夜間中学の学習環境の改善を求めて大阪府教育委員会との交渉に初めて参加したときのことを鮮明に覚えている。1987年のことだ。当時、府内10校の夜間中学から参加した教員や大阪教職員組合の執行委員併せて約20人を前に、たった一人で現れた担当者は答弁で次のように言った。

「夜間中学が教育法で明確に書かれていれば、もっと教育条件を整えることが出来ます。学校教育法施行令25条の第五項、『二部授業』を拠に、大阪府が行っている施策が精一杯です。これ以上は出来ません」と吐き捨てるように言った。

私はこの発言を「学校教育関係法規に名称がなく解釈によって運営されている夜間中学であることを忘れるな」との宣告だと受け取った。

一方夜間中学同様に、夜間に授業を行っている定時制高校があるが、学校教育法に「定時制の課程」として明記されている。

夜間中学を法規に明記させるとりくみは、全国夜間中学校研究会が「全国中学校夜間部教育研究協議会」と称していた、1954年の第1回の大会から議論されている。大会では「中学校夜間学級の法的措置にかんする陳情書」を採択した。

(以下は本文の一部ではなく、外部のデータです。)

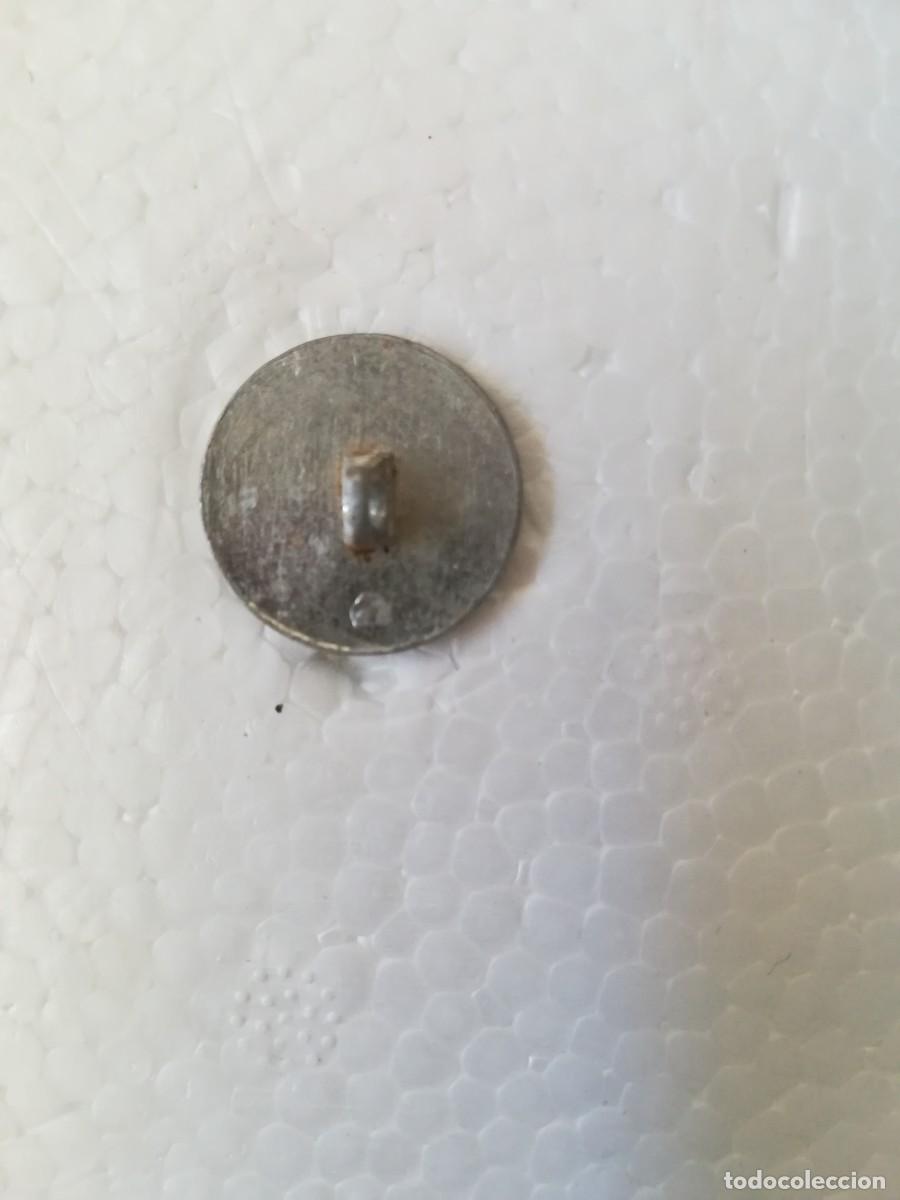 Pins de colecci&oacute;n: Antiguo boton escudo - Foto 2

内容は学校教育法25条の是正と学校教育法75条の追項する提案であった。

夜間中学を教育法に位置づけるとりくみを簡単にふりかえっておく。

1971年10月25日、天王寺夜間中学を訪問した槙枝日教組委員長は「『これまで私生児的な存在だった夜間中学を“国家の子”として認知する必要がある』と、義務教育未修了者のために夜間中学設置運動を起こす方針を明らかにした」と報じている(1971.10.26 朝日)。

第72回日教組定期大会(1990.6.29)で「国際識字年の今年、夜間中学校を学校教育法の中に位置づけるとりくみをすすめ、夜間中学校の教育条件整備に取組みます」を運動方針の中に明記した。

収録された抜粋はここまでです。